Ahead of his match today, Andy Murray posted on social media to make his feelings about the condition of the grass known.
He tweeted: “Brutal for @serenawilliams but centre court is extremely slippy out there. Not easy to move out there.”
Murray’s first match back on Centre Court on Monday (June 28) saw him slip and slide across the grass on several occasions before managing to successfully fend off top seeded Georgian tennis player Nikoloz Basilashvili in a triumphant return to Wimbledon.
Murray’s criticisms of the “extremely slippy” surface of Wimbledon’s main court came after Roger Federer narrowly beat Adrian Mannarino, who had retired from his own match not long before Serena Williams suffered her dramatic leg injury.
Mannarino suffered a knee injury which left him unable to finish his match against Federer, with the Swiss star saying he “got lucky” in a tense match against the French player.

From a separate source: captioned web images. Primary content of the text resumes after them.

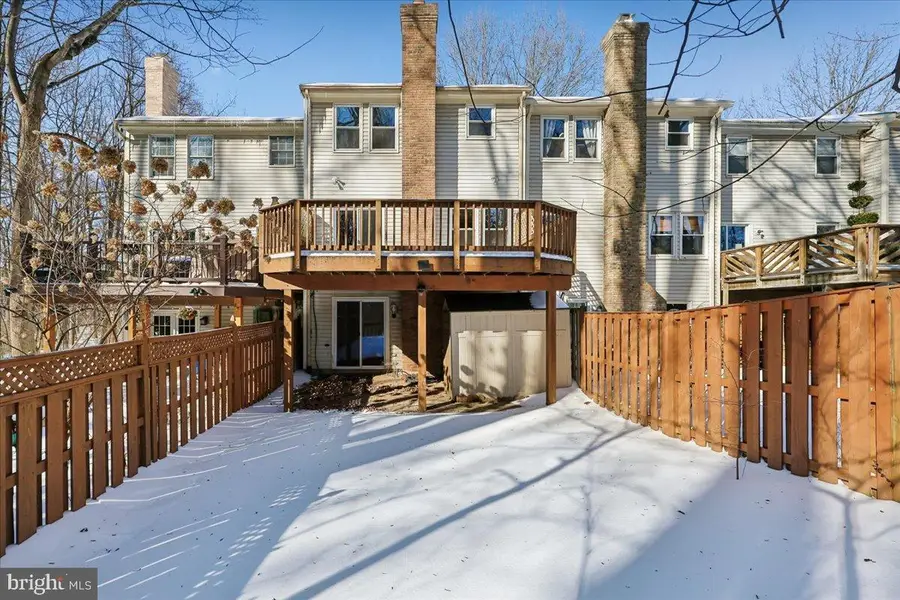 17119 Briardale Rd, Derwood, MD 20855 - Image #2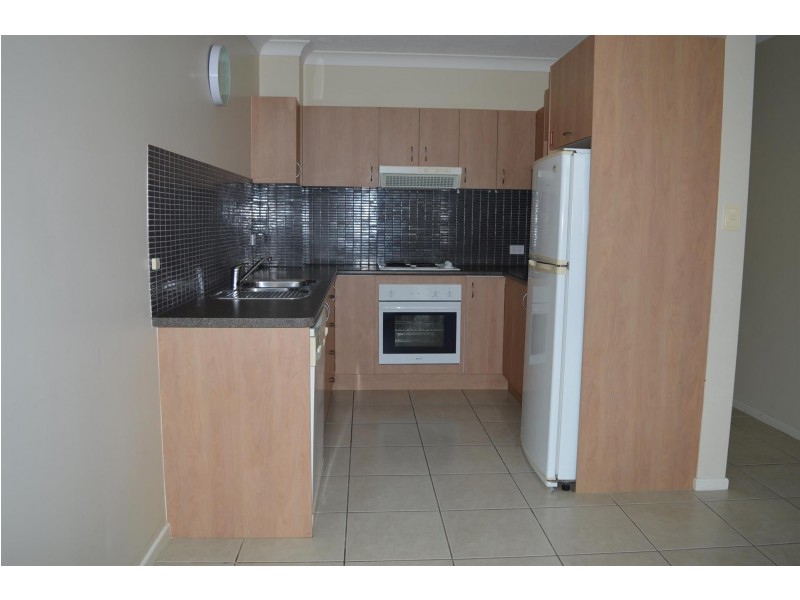 1/7 Pacific Pde, Yamba NSW 2464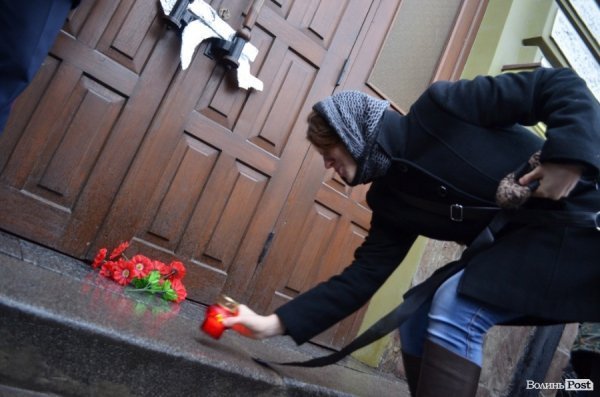 У Луцьку під прокуратуру принесли лампадки, серп і молот. ФОТО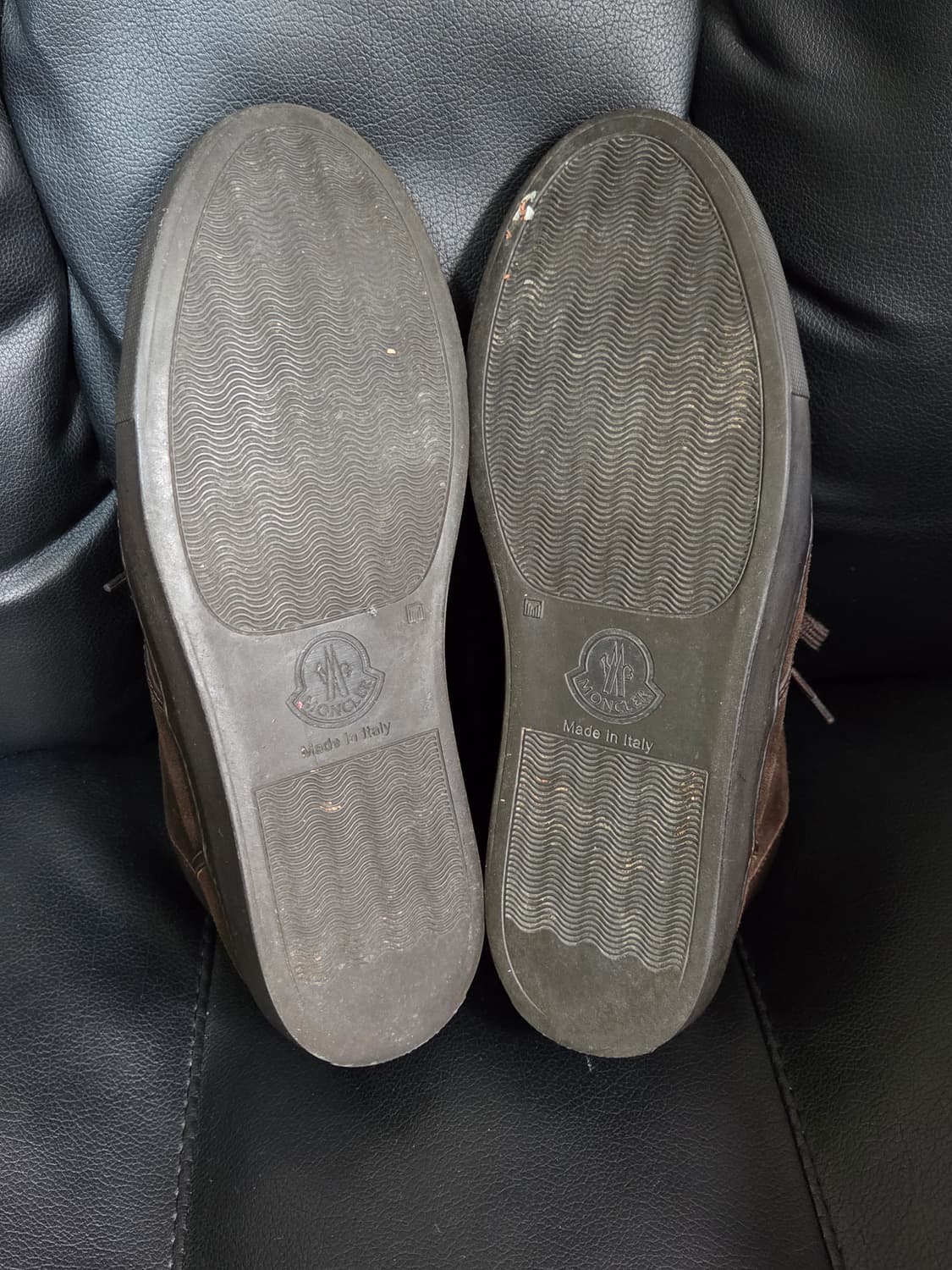 (정품) [몽클레어] 스웨이드 가죽 스니커즈 판매합니다. 상품이미지6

When asked about the condition of the court in his press conference last night (June 29), Federer said he felt it was “a tad more slippery under the roof” and that “you do have to move very, very carefully out there".
He added that the news of Williams’ retirement from the tournament was “terrible” and a reminder of the need to move with greater care on Wimbledon’s Centre Court.
Why is Centre Court so slippery?
While slippery grass at Wimbledon can often be pinned down to our dreary, soggy British weather, Centre Court is one of just two Wimbledon courts protected by a roof – meaning that the surface shouldn’t prove quite as slippery as other courts might.
However, the roof coverage can also lock more moisture into the court overnight – particularly following any rainy showers – meaning that this humid, moist atmosphere settles on the court’s grassy grounds.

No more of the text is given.